START AVAILABLE RECORDS

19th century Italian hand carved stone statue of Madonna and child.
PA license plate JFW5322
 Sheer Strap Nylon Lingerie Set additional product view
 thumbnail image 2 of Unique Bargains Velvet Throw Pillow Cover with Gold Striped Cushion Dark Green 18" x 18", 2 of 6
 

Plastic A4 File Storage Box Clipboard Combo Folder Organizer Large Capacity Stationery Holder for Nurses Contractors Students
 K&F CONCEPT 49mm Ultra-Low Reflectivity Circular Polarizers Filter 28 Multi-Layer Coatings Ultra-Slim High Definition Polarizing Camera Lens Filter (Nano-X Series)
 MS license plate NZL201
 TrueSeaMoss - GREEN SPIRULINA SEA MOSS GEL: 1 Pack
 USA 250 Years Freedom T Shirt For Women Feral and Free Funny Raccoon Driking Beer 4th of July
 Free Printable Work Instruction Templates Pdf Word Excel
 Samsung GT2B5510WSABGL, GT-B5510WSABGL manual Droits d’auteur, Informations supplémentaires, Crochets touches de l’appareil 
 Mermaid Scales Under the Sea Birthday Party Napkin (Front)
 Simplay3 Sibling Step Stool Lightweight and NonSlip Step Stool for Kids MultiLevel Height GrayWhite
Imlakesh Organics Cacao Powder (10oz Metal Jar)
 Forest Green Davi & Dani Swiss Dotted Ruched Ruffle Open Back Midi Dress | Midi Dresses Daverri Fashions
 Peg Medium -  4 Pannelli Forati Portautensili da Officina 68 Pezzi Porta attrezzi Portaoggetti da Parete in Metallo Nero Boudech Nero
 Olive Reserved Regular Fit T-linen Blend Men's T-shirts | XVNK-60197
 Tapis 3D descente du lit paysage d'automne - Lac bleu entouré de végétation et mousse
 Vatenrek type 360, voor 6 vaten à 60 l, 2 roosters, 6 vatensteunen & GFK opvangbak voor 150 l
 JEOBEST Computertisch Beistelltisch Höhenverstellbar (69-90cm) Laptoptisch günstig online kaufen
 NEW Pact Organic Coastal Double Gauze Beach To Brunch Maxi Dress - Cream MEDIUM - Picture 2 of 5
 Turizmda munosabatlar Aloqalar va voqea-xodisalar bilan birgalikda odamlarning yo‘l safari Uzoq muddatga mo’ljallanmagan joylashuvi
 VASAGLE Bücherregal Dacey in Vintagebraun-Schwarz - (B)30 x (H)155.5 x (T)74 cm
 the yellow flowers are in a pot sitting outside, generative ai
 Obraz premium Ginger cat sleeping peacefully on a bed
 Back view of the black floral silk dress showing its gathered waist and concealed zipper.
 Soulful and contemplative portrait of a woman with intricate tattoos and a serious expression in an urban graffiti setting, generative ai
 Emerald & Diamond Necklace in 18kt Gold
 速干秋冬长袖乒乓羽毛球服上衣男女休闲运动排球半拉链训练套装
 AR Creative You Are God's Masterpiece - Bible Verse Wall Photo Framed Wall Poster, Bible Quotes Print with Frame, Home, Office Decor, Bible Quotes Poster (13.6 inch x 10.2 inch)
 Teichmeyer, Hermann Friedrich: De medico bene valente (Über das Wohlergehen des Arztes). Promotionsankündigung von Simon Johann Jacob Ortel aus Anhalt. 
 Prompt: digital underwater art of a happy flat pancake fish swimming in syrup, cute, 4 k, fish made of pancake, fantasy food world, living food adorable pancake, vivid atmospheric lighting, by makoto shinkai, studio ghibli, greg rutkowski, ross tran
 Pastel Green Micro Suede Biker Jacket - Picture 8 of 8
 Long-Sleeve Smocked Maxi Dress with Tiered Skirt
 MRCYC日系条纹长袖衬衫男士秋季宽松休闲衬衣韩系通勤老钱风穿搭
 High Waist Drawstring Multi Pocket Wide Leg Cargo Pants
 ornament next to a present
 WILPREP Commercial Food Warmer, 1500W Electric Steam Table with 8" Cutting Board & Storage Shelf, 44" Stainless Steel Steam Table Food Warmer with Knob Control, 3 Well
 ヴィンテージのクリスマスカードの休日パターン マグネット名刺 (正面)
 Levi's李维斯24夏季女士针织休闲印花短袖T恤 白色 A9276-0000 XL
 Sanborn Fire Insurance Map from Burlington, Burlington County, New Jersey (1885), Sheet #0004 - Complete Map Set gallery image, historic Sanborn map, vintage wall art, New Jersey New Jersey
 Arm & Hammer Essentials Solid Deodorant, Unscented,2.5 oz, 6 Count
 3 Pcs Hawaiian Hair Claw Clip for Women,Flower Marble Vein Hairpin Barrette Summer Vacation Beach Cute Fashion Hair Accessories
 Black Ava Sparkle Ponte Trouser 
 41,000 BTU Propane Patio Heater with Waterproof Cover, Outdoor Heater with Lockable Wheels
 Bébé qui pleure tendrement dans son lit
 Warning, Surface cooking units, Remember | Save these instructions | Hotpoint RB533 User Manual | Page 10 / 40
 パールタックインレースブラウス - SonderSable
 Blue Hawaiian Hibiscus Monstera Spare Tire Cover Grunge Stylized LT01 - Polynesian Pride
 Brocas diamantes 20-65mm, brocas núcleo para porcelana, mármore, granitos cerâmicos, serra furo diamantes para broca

END AVAILABLE RECORDS

**ACTIVITY:** The answer is to be the complete listing, transcribed exactly.

**SOLUTION FOR THIS TASK:**
19th century Italian hand carved stone statue of Madonna and child.
PA license plate JFW5322
 Sheer Strap Nylon Lingerie Set additional product view
 thumbnail image 2 of Unique Bargains Velvet Throw Pillow Cover with Gold Striped Cushion Dark Green 18" x 18", 2 of 6
 

Plastic A4 File Storage Box Clipboard Combo Folder Organizer Large Capacity Stationery Holder for Nurses Contractors Students
 K&F CONCEPT 49mm Ultra-Low Reflectivity Circular Polarizers Filter 28 Multi-Layer Coatings Ultra-Slim High Definition Polarizing Camera Lens Filter (Nano-X Series)
 MS license plate NZL201
 TrueSeaMoss - GREEN SPIRULINA SEA MOSS GEL: 1 Pack
 USA 250 Years Freedom T Shirt For Women Feral and Free Funny Raccoon Driking Beer 4th of July
 Free Printable Work Instruction Templates Pdf Word Excel
 Samsung GT2B5510WSABGL, GT-B5510WSABGL manual Droits d’auteur, Informations supplémentaires, Crochets touches de l’appareil 
 Mermaid Scales Under the Sea Birthday Party Napkin (Front)
 Simplay3 Sibling Step Stool Lightweight and NonSlip Step Stool for Kids MultiLevel Height GrayWhite
Imlakesh Organics Cacao Powder (10oz Metal Jar)
 Forest Green Davi & Dani Swiss Dotted Ruched Ruffle Open Back Midi Dress | Midi Dresses Daverri Fashions
 Peg Medium -  4 Pannelli Forati Portautensili da Officina 68 Pezzi Porta attrezzi Portaoggetti da Parete in Metallo Nero Boudech Nero
 Olive Reserved Regular Fit T-linen Blend Men's T-shirts | XVNK-60197
 Tapis 3D descente du lit paysage d'automne - Lac bleu entouré de végétation et mousse
 Vatenrek type 360, voor 6 vaten à 60 l, 2 roosters, 6 vatensteunen & GFK opvangbak voor 150 l
 JEOBEST Computertisch Beistelltisch Höhenverstellbar (69-90cm) Laptoptisch günstig online kaufen
 NEW Pact Organic Coastal Double Gauze Beach To Brunch Maxi Dress - Cream MEDIUM - Picture 2 of 5
 Turizmda munosabatlar Aloqalar va voqea-xodisalar bilan birgalikda odamlarning yo‘l safari Uzoq muddatga mo’ljallanmagan joylashuvi
 VASAGLE Bücherregal Dacey in Vintagebraun-Schwarz - (B)30 x (H)155.5 x (T)74 cm
 the yellow flowers are in a pot sitting outside, generative ai
 Obraz premium Ginger cat sleeping peacefully on a bed
 Back view of the black floral silk dress showing its gathered waist and concealed zipper.
 Soulful and contemplative portrait of a woman with intricate tattoos and a serious expression in an urban graffiti setting, generative ai
 Emerald & Diamond Necklace in 18kt Gold
 速干秋冬长袖乒乓羽毛球服上衣男女休闲运动排球半拉链训练套装
 AR Creative You Are God's Masterpiece - Bible Verse Wall Photo Framed Wall Poster, Bible Quotes Print with Frame, Home, Office Decor, Bible Quotes Poster (13.6 inch x 10.2 inch)
 Teichmeyer, Hermann Friedrich: De medico bene valente (Über das Wohlergehen des Arztes). Promotionsankündigung von Simon Johann Jacob Ortel aus Anhalt. 
 Prompt: digital underwater art of a happy flat pancake fish swimming in syrup, cute, 4 k, fish made of pancake, fantasy food world, living food adorable pancake, vivid atmospheric lighting, by makoto shinkai, studio ghibli, greg rutkowski, ross tran
 Pastel Green Micro Suede Biker Jacket - Picture 8 of 8
 Long-Sleeve Smocked Maxi Dress with Tiered Skirt
 MRCYC日系条纹长袖衬衫男士秋季宽松休闲衬衣韩系通勤老钱风穿搭
 High Waist Drawstring Multi Pocket Wide Leg Cargo Pants
 ornament next to a present
 WILPREP Commercial Food Warmer, 1500W Electric Steam Table with 8" Cutting Board & Storage Shelf, 44" Stainless Steel Steam Table Food Warmer with Knob Control, 3 Well
 ヴィンテージのクリスマスカードの休日パターン マグネット名刺 (正面)
 Levi's李维斯24夏季女士针织休闲印花短袖T恤 白色 A9276-0000 XL
 Sanborn Fire Insurance Map from Burlington, Burlington County, New Jersey (1885), Sheet #0004 - Complete Map Set gallery image, historic Sanborn map, vintage wall art, New Jersey New Jersey
 Arm & Hammer Essentials Solid Deodorant, Unscented,2.5 oz, 6 Count
 3 Pcs Hawaiian Hair Claw Clip for Women,Flower Marble Vein Hairpin Barrette Summer Vacation Beach Cute Fashion Hair Accessories
 Black Ava Sparkle Ponte Trouser 
 41,000 BTU Propane Patio Heater with Waterproof Cover, Outdoor Heater with Lockable Wheels
 Bébé qui pleure tendrement dans son lit
 Warning, Surface cooking units, Remember | Save these instructions | Hotpoint RB533 User Manual | Page 10 / 40
 パールタックインレースブラウス - SonderSable
 Blue Hawaiian Hibiscus Monstera Spare Tire Cover Grunge Stylized LT01 - Polynesian Pride
 Brocas diamantes 20-65mm, brocas núcleo para porcelana, mármore, granitos cerâmicos, serra furo diamantes para broca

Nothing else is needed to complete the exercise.